Non va però commesso l’errore di addebitare i clamorosi ritardi del Mose agli ambientalisti e agli scettici. Dal 2003, quando sbarcò in laguna Silvio Berlusconi per l’inaugurazione del cantiere, niente si è infatti più messo di traverso. E’ stata invece la magistratura, nel giugno 2014, a portare alla luce l’enorme sistema corruttivo che aveva prosperato all’ombra della diga e ne aveva ritardato la realizzazione. L’inchiesta, coordinata dall’attuale ministro della Giustizia Carlo Nordio, decapitò i vertici del Consorzio Venezia Nuova con l’arresto di 35 persone tra cui politici, magistrati, finanzieri ed ex presidenti del Magistrato alle Acque.
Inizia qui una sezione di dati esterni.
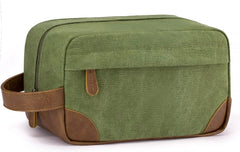 YONO Toilettas Heren - Travel Organizer Etui - Oxford Stof - Groen
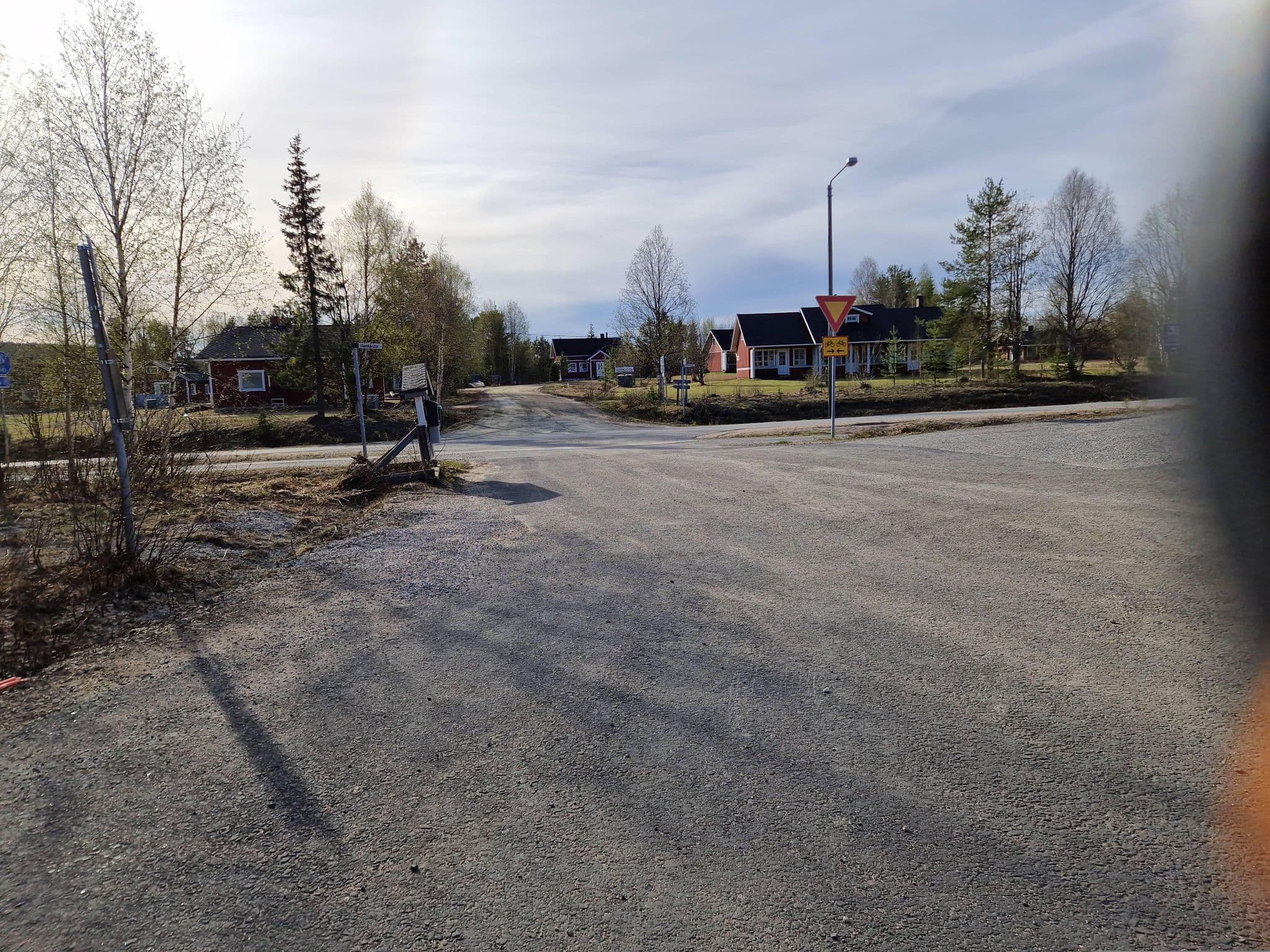 Street view near Ylläs Humina, Kittilä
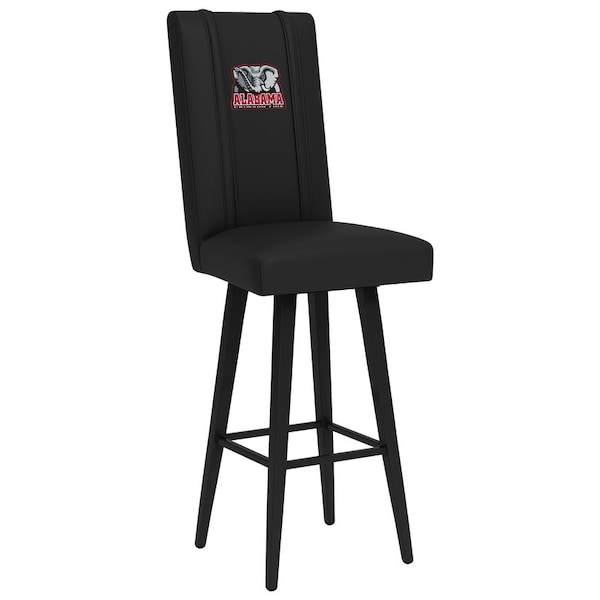 Dreamseat Swivel Bar Stool 2000 with Alabama Crimson Tide Elephant Logo - XZ2000BSSBLK-PSCOL12074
Da allora è stato anche un susseguirsi di pasticci politici. Matteo Renzi prima commette l’errore di credere sia sufficiente affidare la questione all’Anac di Raffaele Cantone e poi chiude un’istituzione storica come il Magistrato alle Acque (tutte vicende raccontate con Francesco Giavazzi nel libro “Salvare Venezia” nel quale, pur non entrando nella disputa sull’efficacia della grande opera, vengono raccontate le conseguenze negative dovute al monopolio). Alla guida del Consorzio si succedono quattro commissari e, dopo l’alluvione del novembre 2019, un supercommissario, tutti nominati dal governo. Per fortuna, dopo 40 anni e oltre sei miliardi di euro spesi, ora il Mose ha dimostrato di poter difendere Venezia. 

 

Martedì mattina tutti si sono detti soddisfatti, i favorevoli e i contrari. Ma non c’è tempo da perdere. Il governo Meloni deve nominare al più presto i vertici dell’Autorità per la laguna, l’ente che avrà il compito della gestione e della costosissima manutenzione delle dighe (le stime parlano di 100 milioni di euro l’anno). Una struttura che avrà quindi il compito fondamentale di continuare a garantire la protezione della città. Venezia non aspetta. Molti sono infatti i nuovi progetti già pronti per essere realizzati, dallo scavo di nuovi canali alla realizzazione di un porto off shore fuori dalla laguna, e sui quali gli “orfani del Mose” sono pronti a tornare a litigare e a dividersi, magari per un altro mezzo secolo. Perché va sempre tenuto a mente il fulminante assioma formulato da Gianni De Michelis ai tempi di Expo: “Con il nome di Venezia anche le idee più stupide hanno successo”.